CGB argues that all it must do is put Adams on notice that it is alleging he misappropriated trade secrets. Doc. 22 at 5. The Court disagrees. "A pleading that offers 'labels and conclusions' or 'a formulaic recitation of the elements of a cause of action will not do.'" Ashcroft, 556 U.S. at 678 (quoting Twombly, 550 U.S. 555). In other words, just alleging that Adams "misappropriated" trade secrets does not plausibly state a claim for misappropriation of trade secrets. CGB plainly admits that it does not have information about Adams's "post-departure activities," but it nonetheless believes they include misappropriation "on information and belief." Doc. 22 at 6. But speculation and conclusory statements are not entitled to the presumption of truth. Ashcroft, 556 U.S. at 679. Therefore, the Court cannot and does not simply presume that CGB's suspicions about Adams are correct.

Nor is CGB entitled to an inference of misappropriation based on its allegation that Adams attached external memory devices to his work laptop and accessed sensitive files. The fact that Adams accessed files that he apparently had access to as part of his job, see Doc. 1 at ¶¶ 20-25, before he resigned does not give rise to a reasonable inference of misappropriation.

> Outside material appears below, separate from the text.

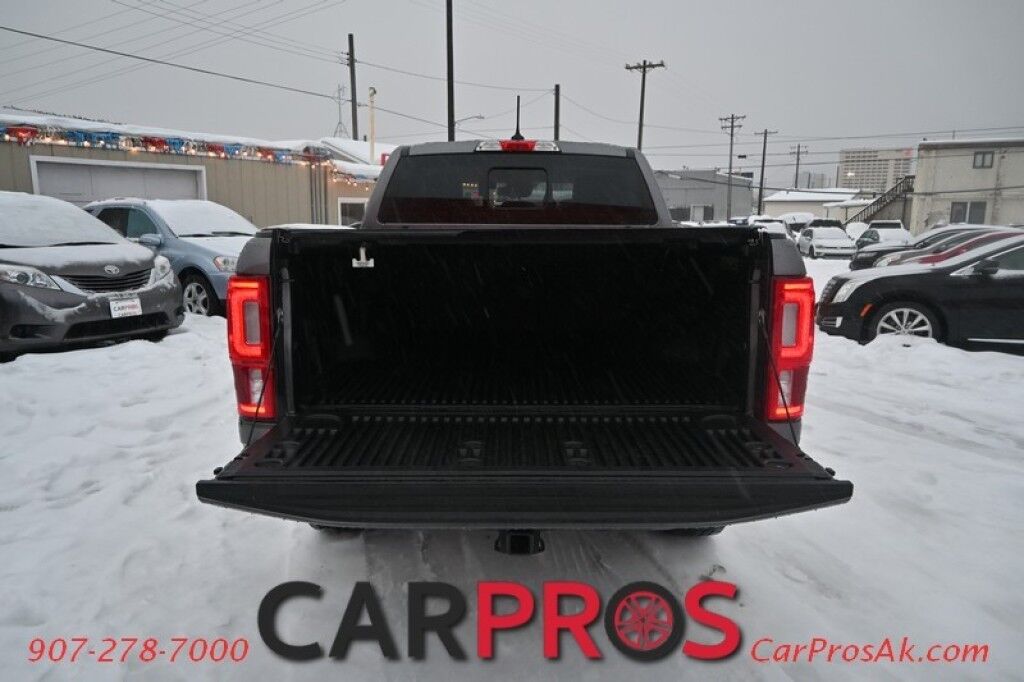 2021 Ford Ranger XLT - Crew Cab - 4X4 - Technology Pkg - Adaptive Cruise Control - Navigation - Bluetooth - Fog Lights - Lane Departure & Blind Spot Alert - Rearview Camera - Bedliner - Tonneau Cover - Tow Pkg Anchorage AK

CGB states in its response that Adams "did not return, upon his departure, each of the external memory devices that he connected to his work computer." Doc. 22 at 5-6. But as Adams points out, the complaint does not include any allegations that Adams was asked to or otherwise failed to return any external memory devices. See Doc. 23 at 6; see also Doc. 1 at ¶¶ 34-42. The complaint does not even allege that Adams transferred sensitive files to any of those devices—only that he accessed the files. And, even if CGB alleged transferring, possessing files is not enough to state a claim of misappropriation. See Camick v. Holladay, 758 F. App'x 640, 645 (10th Cir. 2018) (upholding a Rule 12(b)(6) dismissal because "an allegation that a defendant merely continues to possess a trade secret is not an allegation the defendant acquired, disclosed, or used a trade secret—the DTSA's definitions of misappropriation").

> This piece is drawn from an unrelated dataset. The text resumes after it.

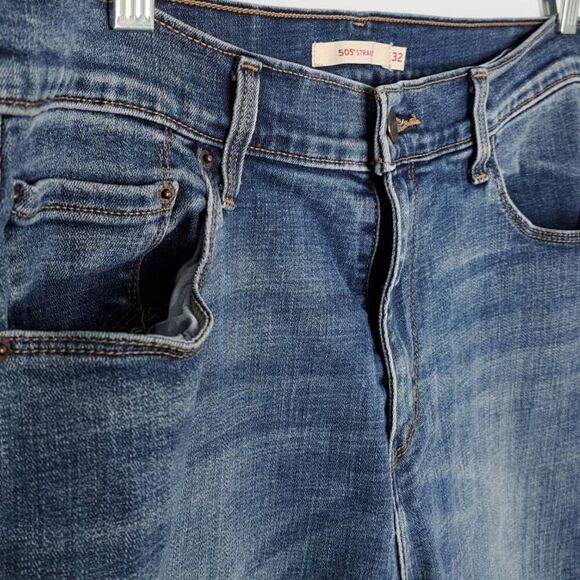 Levi's Women's 505 Straight Jeans size 32 - Picture 2 of 7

CGB finally argues that it has properly alleged that Adams will "inevitably" disclose its trade secrets given that his new employer is a direct competitor of CGB, and thus it has adequately pleaded misappropriation under the "inevitable disclosure doctrine." Doc. 22 at 5-6. But as CGB acknowledges, see id. at 6, that theory requires facts about Adams's new position—something the complaint is entirely silent on. Simply taking a new job with a competitor does not plausibly suggest misappropriation, inevitably or otherwise.

"The inevitable disclosure doctrine is a theory of relief for claims of misappropriation of trade secrets when an employee's new employment will inevitably lead him to rely on his former employer's trade secrets." Bradbury Co. v. Teissier-duCros, 413 F. Supp. 2d 1203, 1208 (D. Kan. 2006). As Adams notes, it is unclear whether courts in Kansas have adopted this doctrine. See id. at 1209. As explained below, because the complaint includes no facts that could support this theory, the Court need not address whether it is a viable theory in Kansas, or how it would impact CGB's other claims for breach of contract and misappropriation under state law.

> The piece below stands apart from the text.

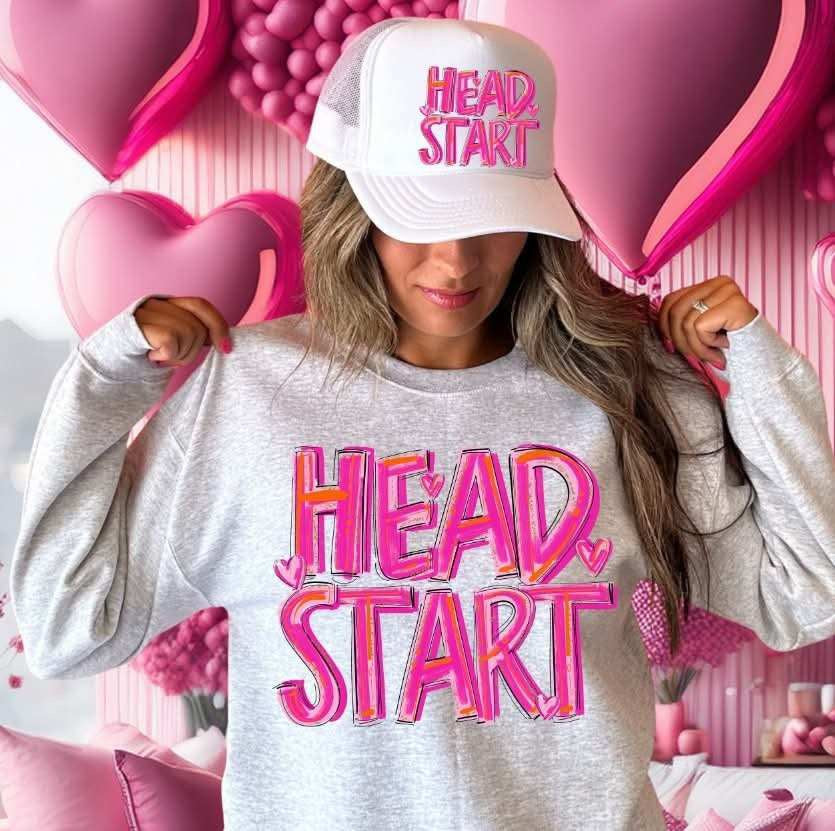 Head start pink brushstroke (S&G) 79649 DTF transfer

CGB's response includes Adams's new job title, but that was not included in the complaint. Nor is any information provided at all about Adams's duties at his new job compared to his last or the degree of competition between the employers—something that distinguishes this case from the one relied on by CGB for application of the inevitable-disclosure doctrine. See Molon Motor & Coil Corp. v. Nidec Motor Corp., 2017 WL 1954531, at *6 (N.D. Ill. 2017) ("On the second factor, Molon has also adequately pled that Desai's position with Nidec is similar to his former position at Molon.").

There are no allegations that Adams violated his employment agreement in simply going to work for a competitor.

In sum, all CGB alleges in the complaint is that Adams had access to trade secrets as part of his employment with CGB, that he accessed that information, and that he went to work for a competitor. To infer wrongdoing from those facts would throw the plausibility standard out the window. Accordingly, the Court finds that CGB has failed to state a claim under the DTSA and Count II is dismissed without prejudice.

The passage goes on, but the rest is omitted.